(Available data)
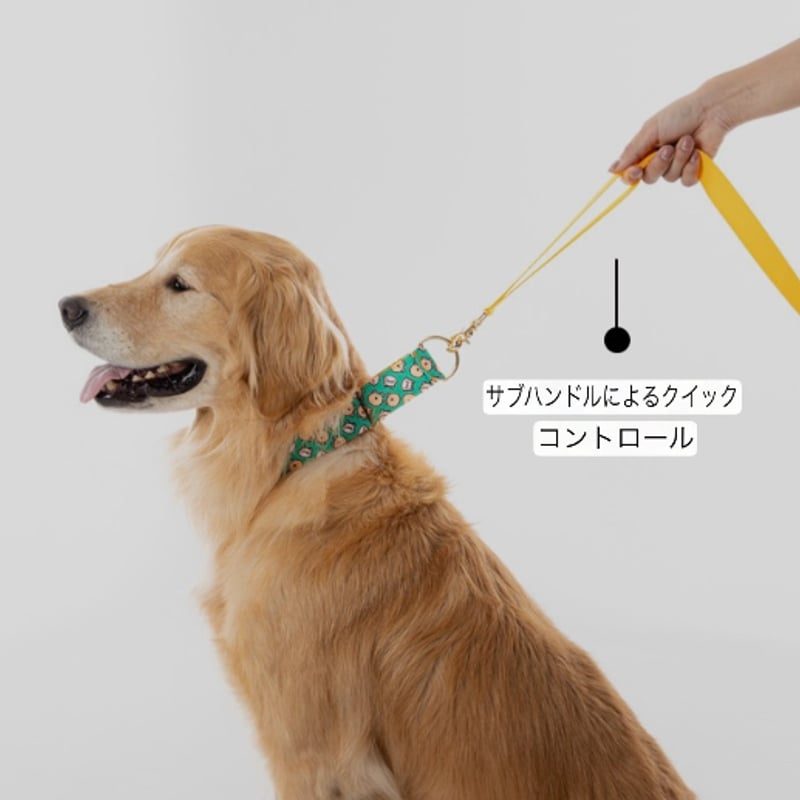Teddy C マーチンゲール（ハーフチョーク）カラー首輪 S〜XL | NORADOG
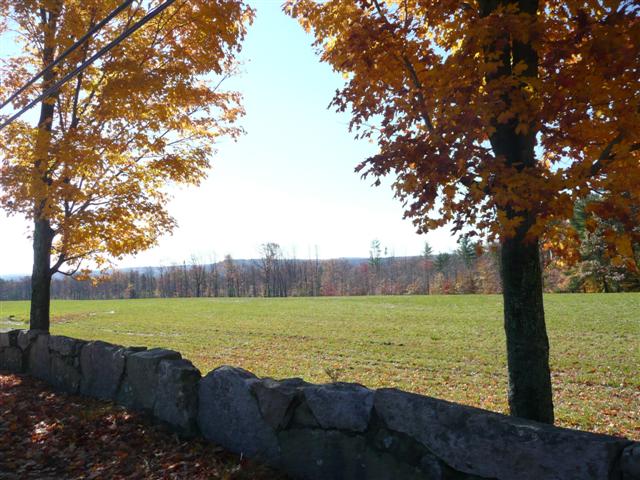 P1030260 (Small).JPG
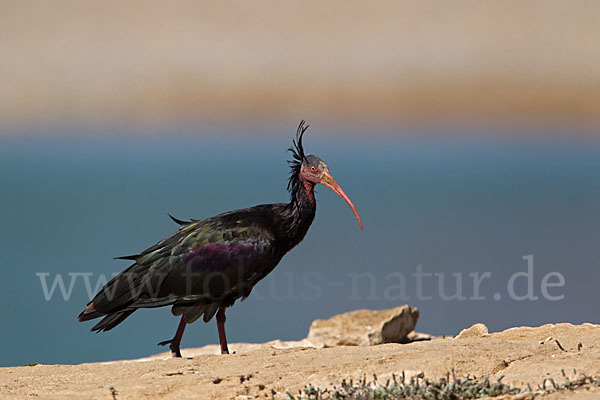 Waldrapp (Geronticus eremita)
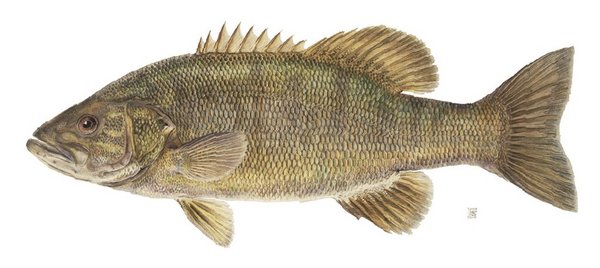 smallmouth_bass.jpg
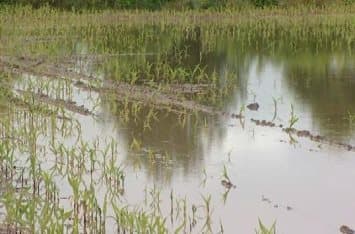 Image d'illustration pour Agriculture, faune et flore impactés par la pluie au Nord de la France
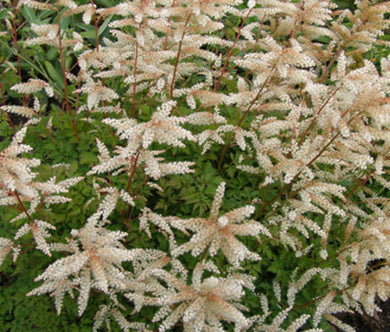 Aruncus Noble Spirits Seeds - Aruncus Aethusifolius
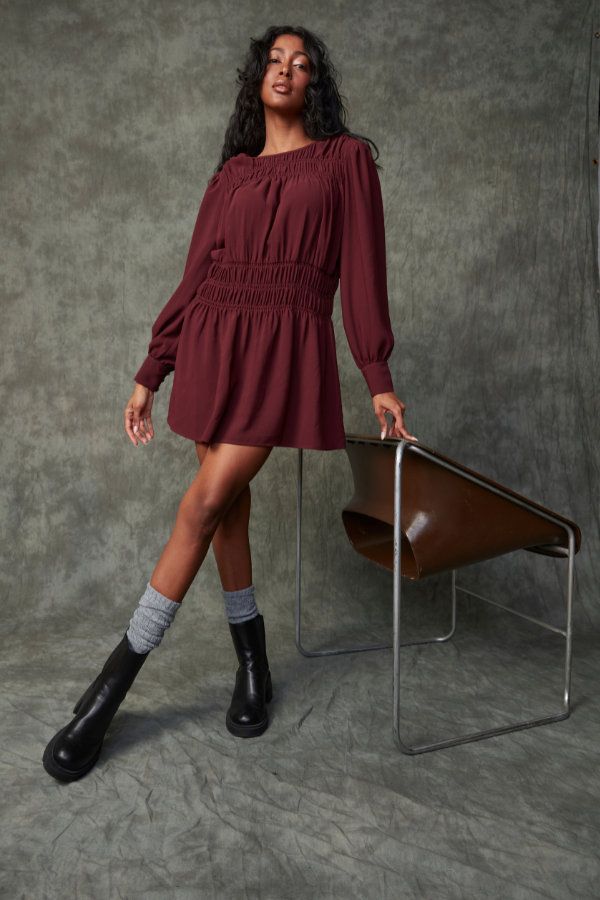 Lorence Shirred Mini Dress | Prune Last XS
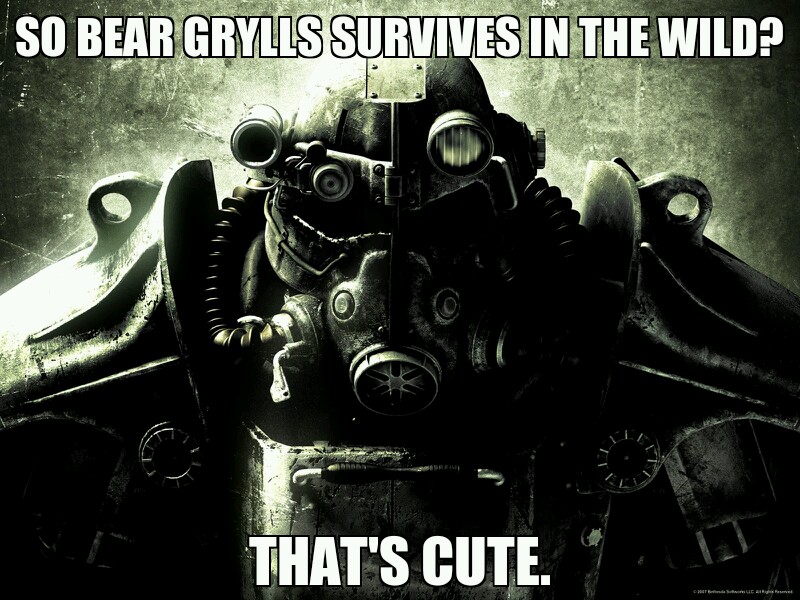 Let's see Bear survive in the wasteland! - meme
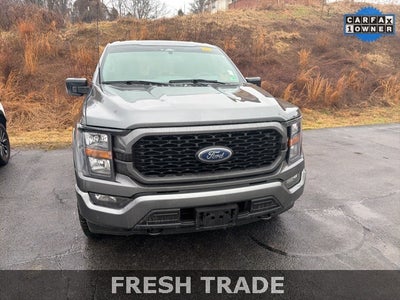 2023 Ford F-150 XL STX
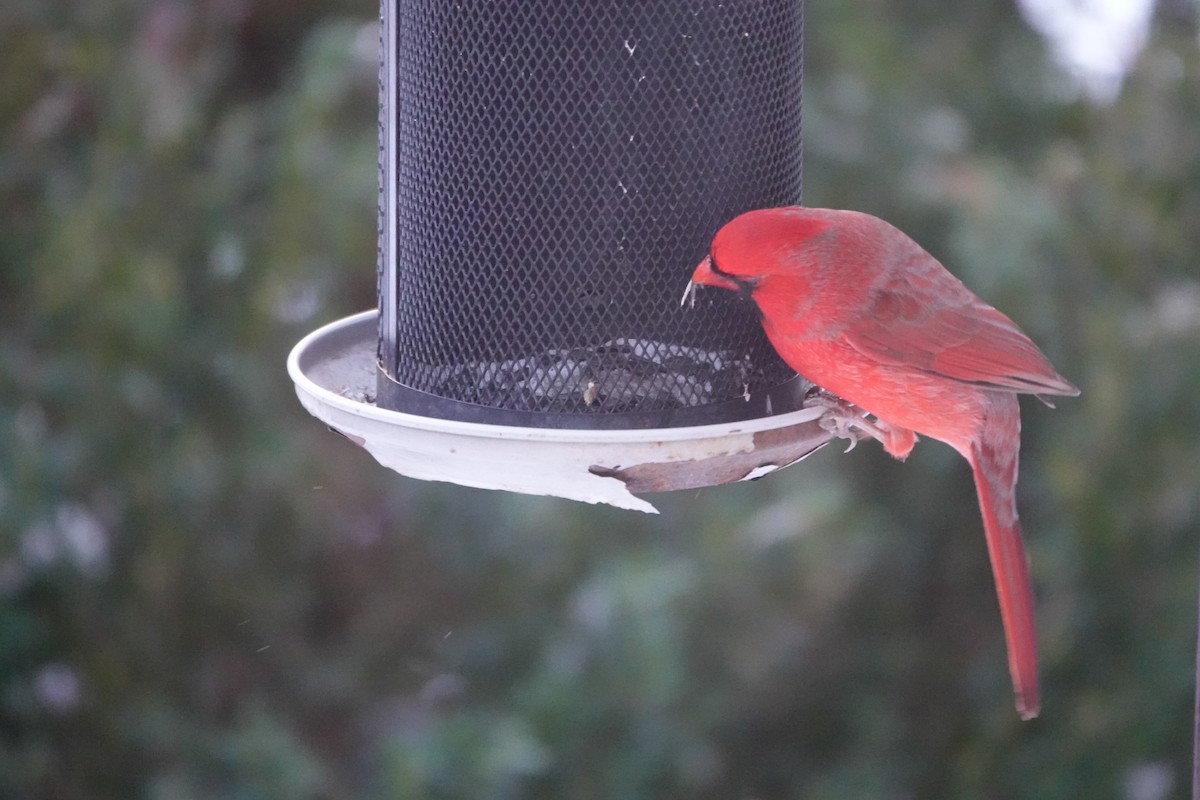 Northern Cardinal - ML646739530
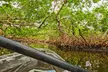 Explore Clam Bayou: 120-Minute Clear Kayak Mangrove Eco Tour - Second Medium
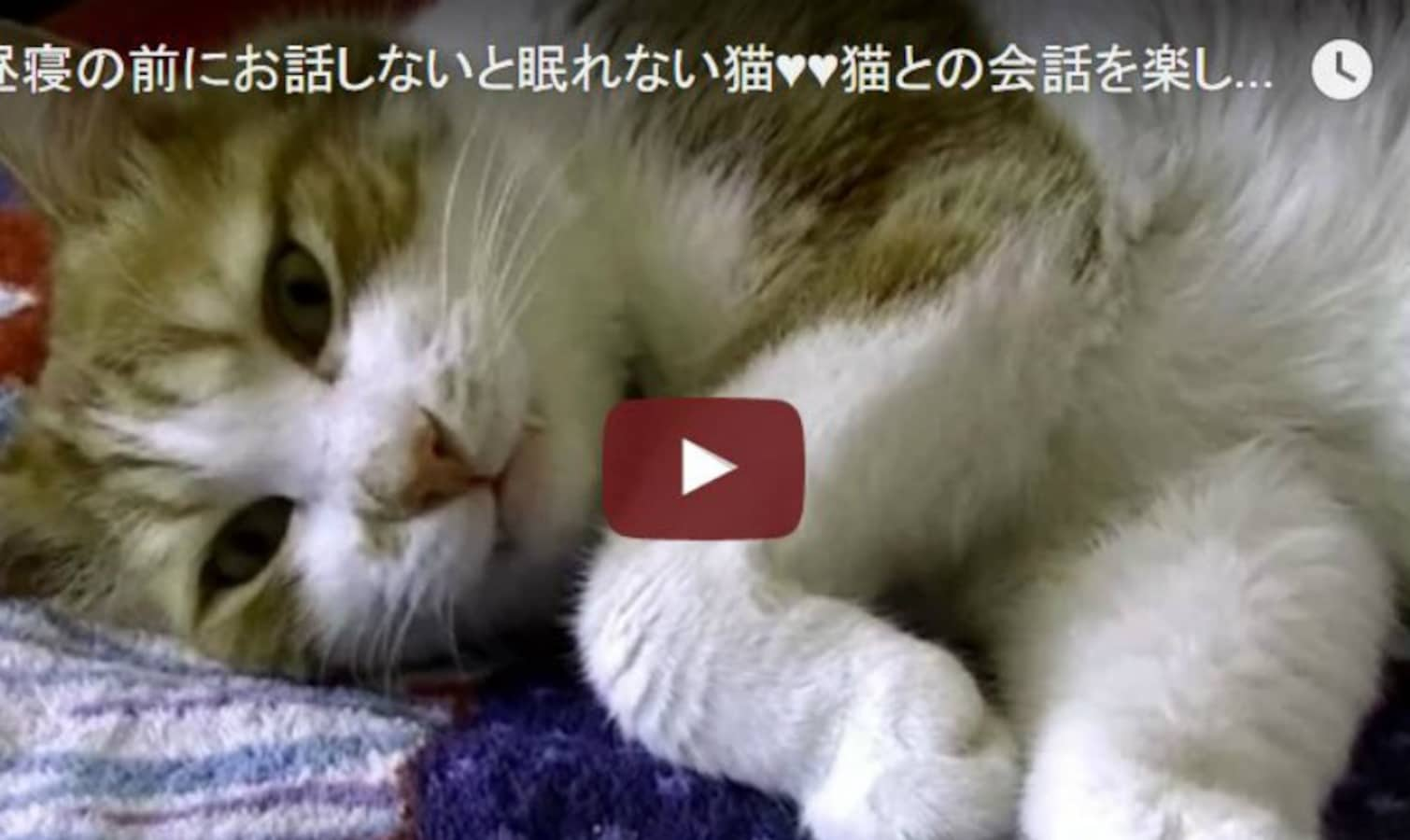 Adorable Cat Needs a Chat Before His Catnap | All About Japan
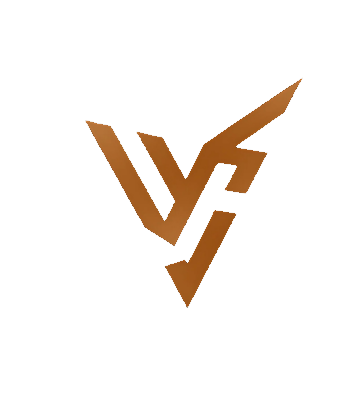 Vero Disruptors Pvt Ltd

(Task item) Please copy out the entries above exactly as they appear, but skip their images.

(Answer to the problem)
Teddy C マーチンゲール（ハーフチョーク）カラー首輪 S〜XL | NORADOG
 P1030260 (Small).JPG
 Waldrapp (Geronticus eremita)
 smallmouth_bass.jpg
 Image d'illustration pour Agriculture, faune et flore impactés par la pluie au Nord de la France
 Aruncus Noble Spirits Seeds - Aruncus Aethusifolius
 Lorence Shirred Mini Dress | Prune Last XS
 Let's see Bear survive in the wasteland! - meme
 2023 Ford F-150 XL STX
 Northern Cardinal - ML646739530
 Explore Clam Bayou: 120-Minute Clear Kayak Mangrove Eco Tour - Second Medium
 Adorable Cat Needs a Chat Before His Catnap | All About Japan
 Vero Disruptors Pvt Ltd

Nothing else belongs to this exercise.